We study a classical iterative algorithm for balancing matrices in the $L_\infty$ norm via a scaling transformation. This algorithm, which goes back to Osborne and Parlett \& Reinsch in the 1960s, is implemented as a standard preconditioner in many numerical linear algebra packages. Surprisingly, despite its widespread use over several decades, no bounds were known on its rate of convergence. In this paper we prove that, for any irreducible $n\times n$ (real or complex) input matrix~$A$, a natural variant of the algorithm converges in $O(n^3\log(nρ/\varepsilon))$ elementary balancing operations, where $ρ$ measures the initial imbalance of~$A$ and $\varepsilon$ is the target imbalance of the output matrix. (The imbalance of~$A$ is $\max_i |\log(a_i^{\text{out}}/a_i^{\text{in}})|$, where $a_i^{\text{out}},a_i^{\text{in}}$ are the maximum entries in magnitude in the $i$th row and column respectively.) This bound is tight up to the $\log n$ factor.

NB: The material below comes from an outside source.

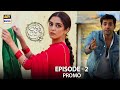 Pehli Si Muhabbat Episode 2 - Promo - ARY Digital Drama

A balancing operation scales the $i$th row and column so that their maximum entries are equal, and requires $O(m/n)$ arithmetic operations on average, where $m$ is the number of non-zero elements in~$A$. Thus the running time of the iterative algorithm is $\tilde{O}(n^2m)$. This is the first time bound of any kind on any variant of the Osborne-Parlett-Reinsch algorithm. We also prove a conjecture of Chen that characterizes those matrices for which the limit of the balancing process is independent of the order in which balancing operations are performed.